First, FreeBSD has its own native form of containers and Windows has its own native implementation. Docker != containers.

I really don't see how Docker (or containers as we mostly know them) relying on kernel-features from an open source operating system in order to run Linux OS images as something to even complain about, and there is nothing preventing Mac from implementing their own form of containers.

1 comments

I am familiar with FreeBSD jails (and IMO, they are actually superior to Linux containers in most respects). My point is not so much that other systems don't have the tech to make containers work - or that OS vendors are not capable of adding containers to their kernels - but that having container technology is not the same as having a smooth devex for containerized applications.
The fact is Linux containers are probably hotter than anything else. Almost every enterprise are using them to some larger extent, and Kubernetes has become the platform of choice.

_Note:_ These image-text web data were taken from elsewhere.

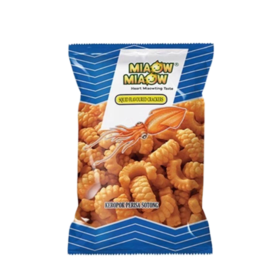 马来妙妙 鱿鱼味卷(膨化食品)  60g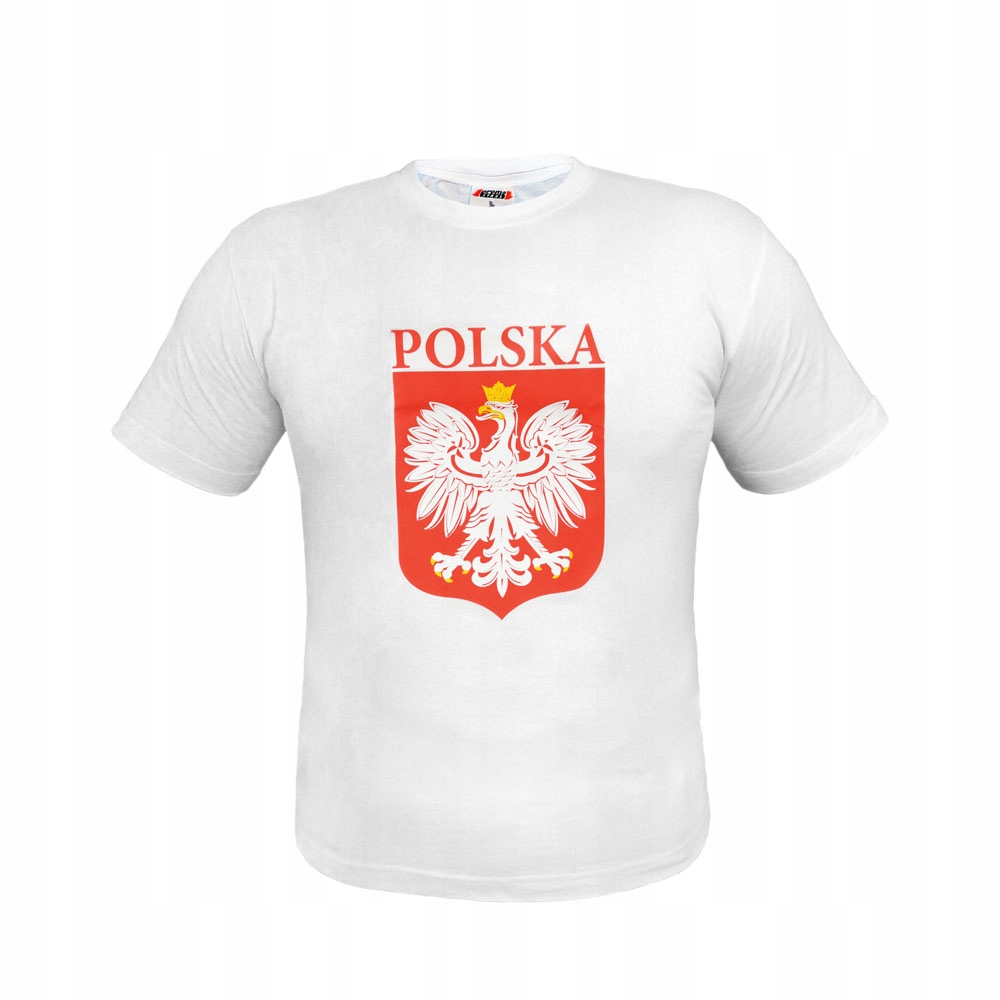 

Koszulka "Biało-Czerwoni" biała -M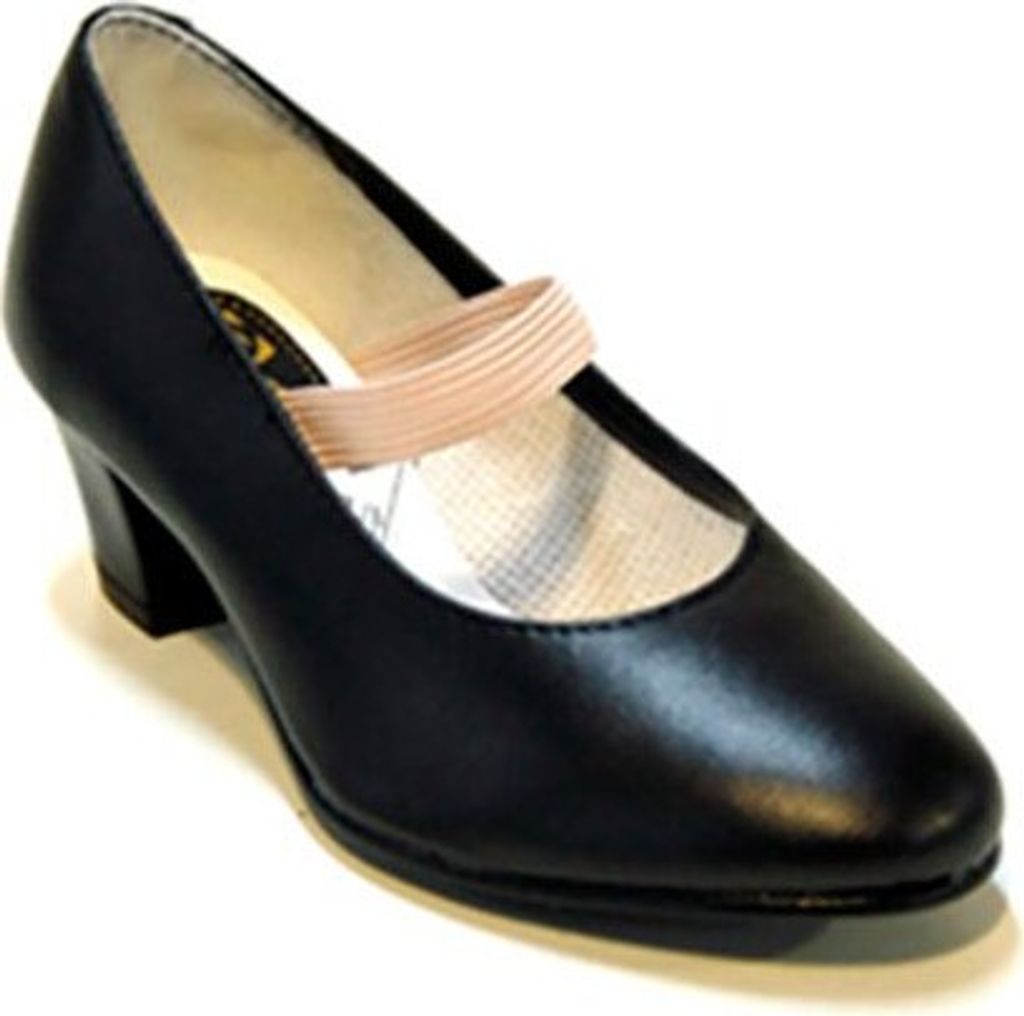 Zapatos Flamenca Dancing Schuhe Schwarz EU 40 Schwarz EU 40
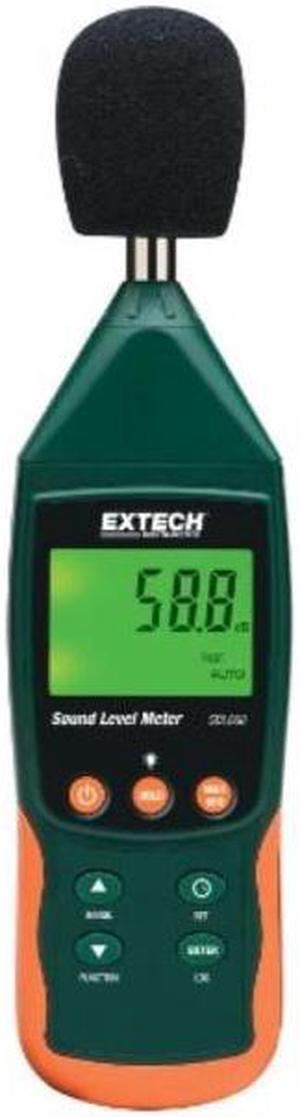 extech sdl600 sound meter sd logger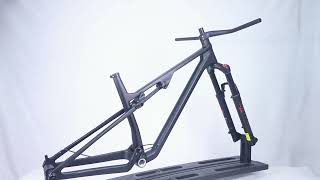 ProX Full Suspension 29er XC Carbon Frame For Cross Country [upl. by Roseann]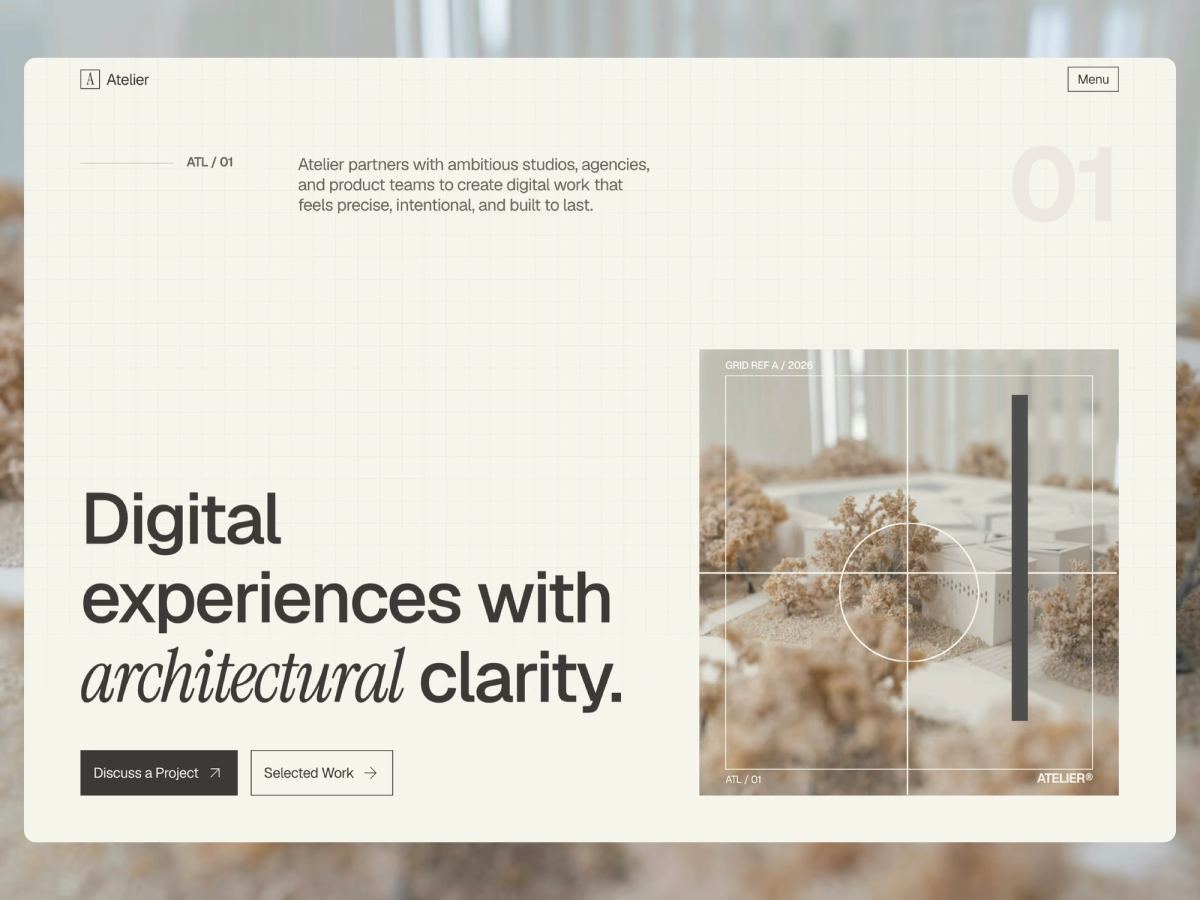 AtelierOS screenshot 1
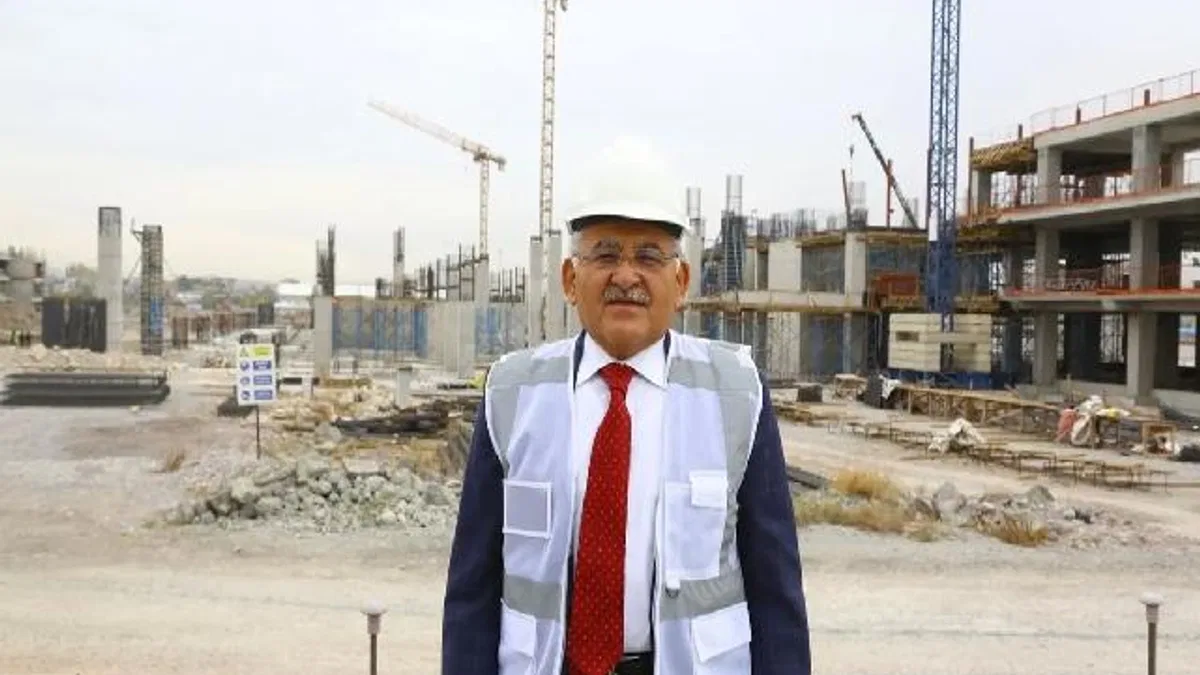 Kayseri şehircilikte ön planda yer alıyor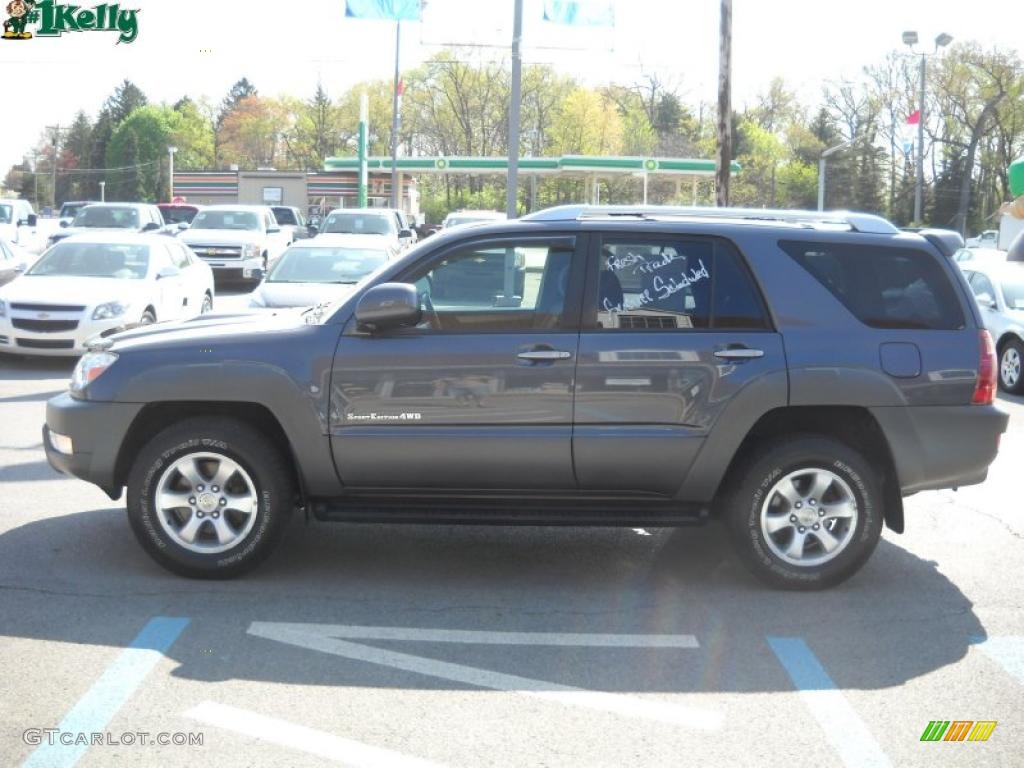 2003 4Runner Sport Edition 4x4 - Galactic Gray Mica / Charcoal photo #6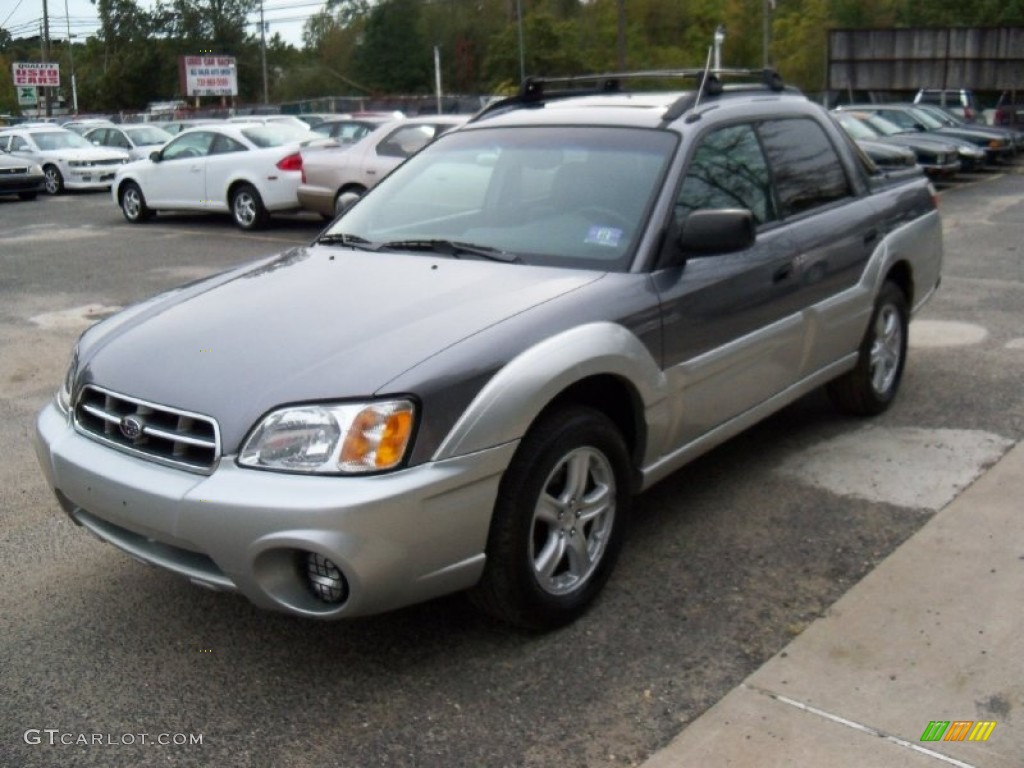 2005 Baja Sport - Monterey Silver Metallic / Medium Gray photo #3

Is vanilla Kubernetes easy for new developers? No, but there is an entire ecosystem offering tools and platforms to make development using containers a seamless as possible. Microsoft saw this, so they really had no choice but to adopt the container terminology and partner with Docker to try to stay relevant.

My guess is without containers, Microsoft would have never even built WSL. If you want smooth developer experience with containers then that is what solutions like GitLab offer. Even Microsoft's GitLab is essentially built around running various actions inside containers.

I personally welcome the change. I can spin up a local Kubernetes cluster and test an entire cluster of applications locally if I want, or integrate it into Skaffold or whatever else and test live in the cloud. It really is a lot better than what we had before. I think the solutions though really come down to documentation and resources to help train new employees and acclimate them.